The threat over, they both stay and the two series chart their lives as they build a new family.

.

.

The Episodes

.

The Characters

.

. Murdoch Lancer

played by Andrew Duggan

An immigrant Scot (apparently from Inverness) Murdoch arrived in the US probably sometime in the early 1840s. He married Catherine Garrett, the daughter (possibly only child) of a rich Bostonian businessman Harlan Garrett, against Garrett’s wishes. They moved to California where Murdoch bought the ranch, (in 1844/45?) probably just about the time of the US-Mexican war. California was then Mexican, and not exempt from the troubles – in 1846 it became a part of the US. During this upheaval, the ranch was the target of an earlier group of landgrabbers led by Judd Haney (Yesterday’s Vengeance). In 1845, Murdoch sent a heavily pregnant Catherine to what he hoped would be safety, Harlan travelling to meet her at Carterville, Ca., where she died giving birth to Scott. Harlan took the boy back to Boston and refused to give him back.

The timings posted here tie in with Scott being about 25 in 1870, and Murdoch’s less-than-detailed story of his marriage and Scott’s birth that he gives in the show’s pilot, The High Riders: “Your mother’s family thought she was mad marrying me, and me less than a year off the boat from Inverness.
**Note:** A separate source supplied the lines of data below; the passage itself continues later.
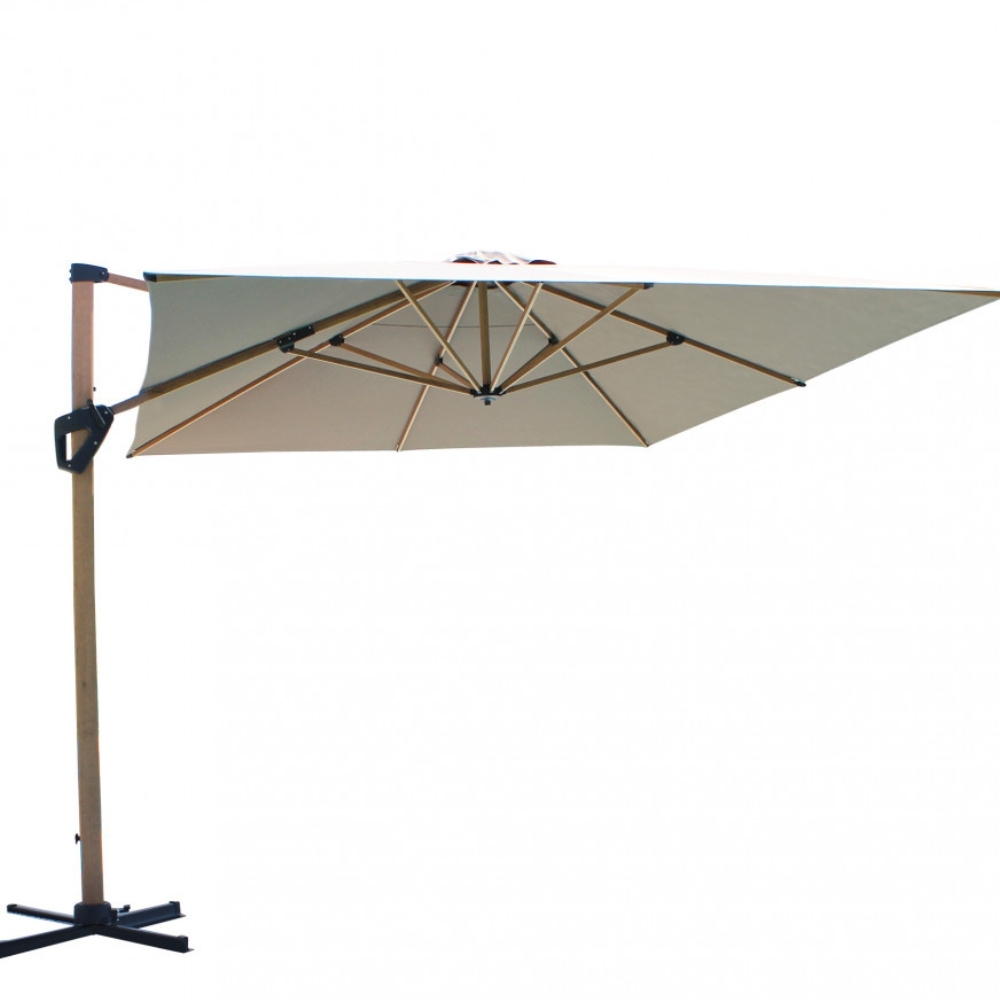 Ombrellone 3x4 mt taupe con palo...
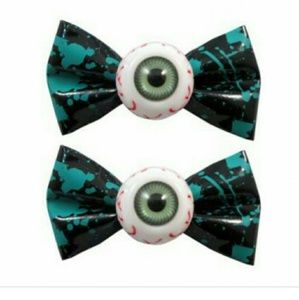 Eyeball hair bows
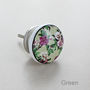 Colourful Flowers Ceramic Door Knobs, thumbnail 6 of 6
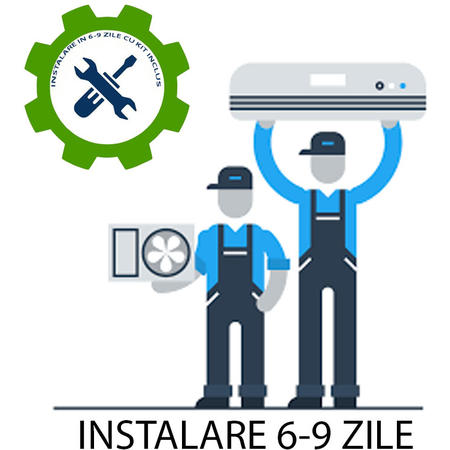 Talon instalare 6-9 zile lucratoare cu kit inclus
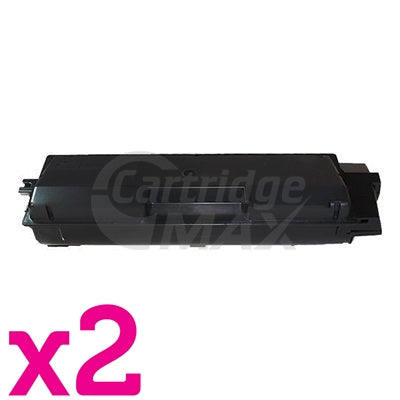 2 x Compatible TK-8604K Black Toner Cartridge For Kyocera FS-C8650DN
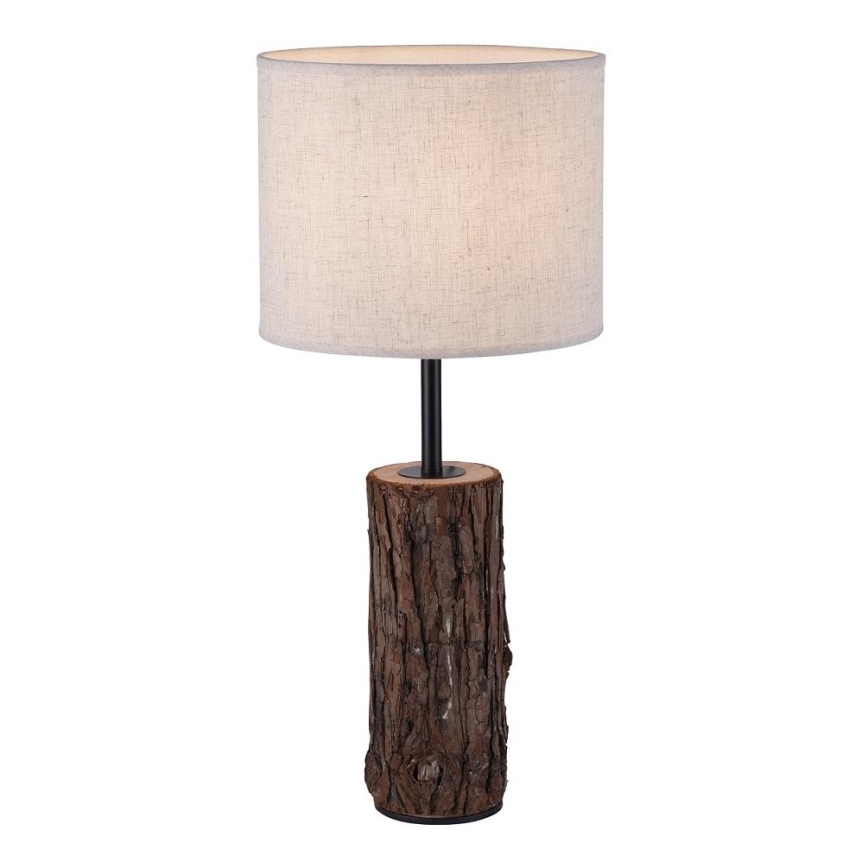 Leuchten Direkt 11233-79 - Stona lampa BARK 1xE27/40W/230V drvo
She died, you were born, I left you in their care. Period.”

A couple of years later, Murdoch meets a Mexican woman, Maria, in Matamoros (clear over the other side of the continent, mind you). She got pregnant and they married, and Johnny was born on Lancer (has to be around 1847). Maria eloped two years later with a gambler, taking Johnny with her, and disappeared into the ‘border towns’, the strip of land that runs the length of the US-Mexican border and which was a by-word for violence and lawlessness. Murdoch again, from the pilot: “A couple of years later I met your mother down in Matamoros. She… we got married, you were born. Two years after that I woke one morning to find you both gone.”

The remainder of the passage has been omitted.